В первый день нового 1943 года солдат Альфред Pep жалуется кому-то: «Много радостного сообщить тебе я не могу. Мы ведь до сих пор в окружении. Кучка становится все меньше. Наша рота расформирована... Я считаю правильным сообщить тебе правду о нашем положении. Вы там на родине не имеете никакого представления о том, что мы тут выносим и что нам еще придется пережить. Это Рождество и Новый год останутся навечно в моей памяти. Мое состояние здоровья тоже ухудшилось: концы пальцев на руках и пальцы ног приморожены. К этому большие нарывы на теле. Мази от мороза нет, вши заедают нас, и несмотря на это я должен быть доволен, т. к. другим еще хуже».

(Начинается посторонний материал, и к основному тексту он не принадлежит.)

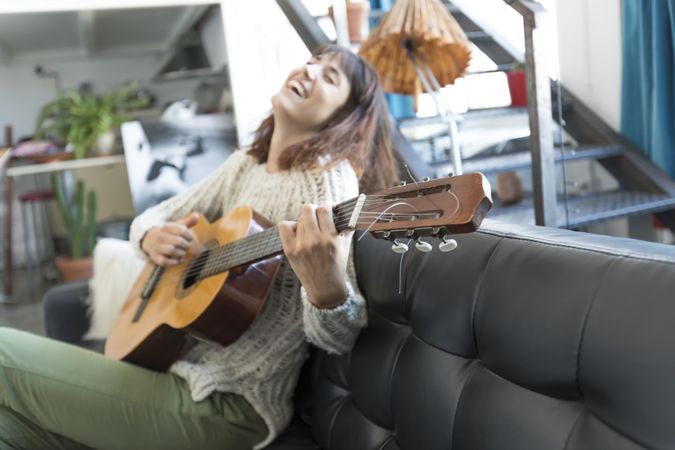 Happy female on sofa playing acoustic guitar and singing at home in living room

Унтер-офицер Хуго Куне, как бы перекликаясь в этот первый новогодний день с Альфредом Рером, своим братом по несчастью, с нескрываемым гневом пишет:

«В сообщении командования вооруженными силами говорится:

«Соединения транспортных самолетов снабжают передовые опорные пункты армии». К сожалению, даже лошадей становится все меньше.

У Йозефа Гросса была собака, «ее песенка тоже уже спета», это не шутка».

29 декабря 1942 года фельдфебель Густав Креме все еще верит, что, как бы долго ни пришлось ждать, но «фюрер нас выручит, и поэтому выдержим». [311]

А вот в мозгу обер-ефрейтора Арно Бееца, кажется, зашевелилось сомнение. В письме, посланном в последние дни 1942 года, он злобно вопрошает: «Вынужден шататься в этой вшивой России, спросил бы: за что?»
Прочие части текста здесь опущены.